Case No: Appeal No. 356 of 1982 from Miscellaneous Petition No. 520 of 1976

Date of Decision: June 18, 1987

Acts Referred: Central Excises and Salt Act, 1944 — Section 2

Citation: (1990) 27 ECC 331 : (1989) 23 ECR 469 : (1987) 31 ELT 618

Hon'ble Judges: S.P. Bharucha, J; S.M. Daud, J

Bench: Division Bench

Translate: English | हिन्दी | தமிழ் | తెలుగు | ಕನ್ನಡ | मराठी

Judgement

Bharucha, J.@mdashThis appeal assails the judgment and order of Pendse J. making absolute the writ petition filed by the respondents (orig.

petitioners).

2. The respondents are a textile mill and manufacture fabrics. Amongst such fabrics are what are knows as Quality No. 1410 and Quality No.

1435. These particular fabrics are composed of, in the weft yarn, 82% cotton yarn and 18% twinkle nylong yarn. The respondents pay excise duty

on the cotton yarn as well as the on fabric which is the end-product. The twinkle nylon yarn is purchased by the respondents from the open

market, excise duty having been paid thereon.

3. In classification lists dated 14th August, 1973 and 17th January, 1975 submitted by the respondents to the Excise authorities, the process by

which they made the weft yarn was stated. They applied on 28th September, 1971 for permission to avail of the special procedure set out under

Rules 96A, 96L and 96V of the Central Excise Rules and permission was granted.

4. On 17th March, 1972 Tariff Item 18E was introduced in the First Schedule to the Central Excise Act.

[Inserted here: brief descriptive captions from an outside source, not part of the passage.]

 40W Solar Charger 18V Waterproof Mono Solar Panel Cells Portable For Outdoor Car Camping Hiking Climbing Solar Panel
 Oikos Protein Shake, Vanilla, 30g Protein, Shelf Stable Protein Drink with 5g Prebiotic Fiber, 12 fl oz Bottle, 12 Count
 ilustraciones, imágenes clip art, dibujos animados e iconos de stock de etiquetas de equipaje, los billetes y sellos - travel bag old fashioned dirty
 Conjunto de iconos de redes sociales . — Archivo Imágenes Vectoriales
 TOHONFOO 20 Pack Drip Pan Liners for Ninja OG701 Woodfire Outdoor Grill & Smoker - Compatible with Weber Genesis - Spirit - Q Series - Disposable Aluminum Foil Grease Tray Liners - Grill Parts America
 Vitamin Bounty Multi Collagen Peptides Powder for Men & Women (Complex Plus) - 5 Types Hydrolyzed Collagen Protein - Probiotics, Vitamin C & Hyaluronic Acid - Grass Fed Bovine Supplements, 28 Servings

It levied duty on ""yarns of all sorts not

elsewhere specified"". After the introduction of this Tariff Items, the respondents filed a classification list on 14th August, 1973 and once again set

out the procedure by which the weft yarn was made. It was approved by the Excise authorities. Thereafter, on 3rd September, 1974, a circular

was issued by the Central Board of Excise and Customs which said that weft yarn was a new product excisable under Tariff Item 18E. A trade

notice to this effect was issued on 4th September, 1974. In pursuance of the trade notice, the respondents were informed by the Excise authorities

on 2nd September, 1975 not to clear goods until further instructions as the weft yarn was excisable under Tariff Item 18E. On 3rd September,

1975 the Assistant Collector, Enforcement Branch, effected a seizure of the concerned fabrics. The respondents were thereafter required to file

under protest a fresh classification list classifying the weft yarn under Tariff Item 18E.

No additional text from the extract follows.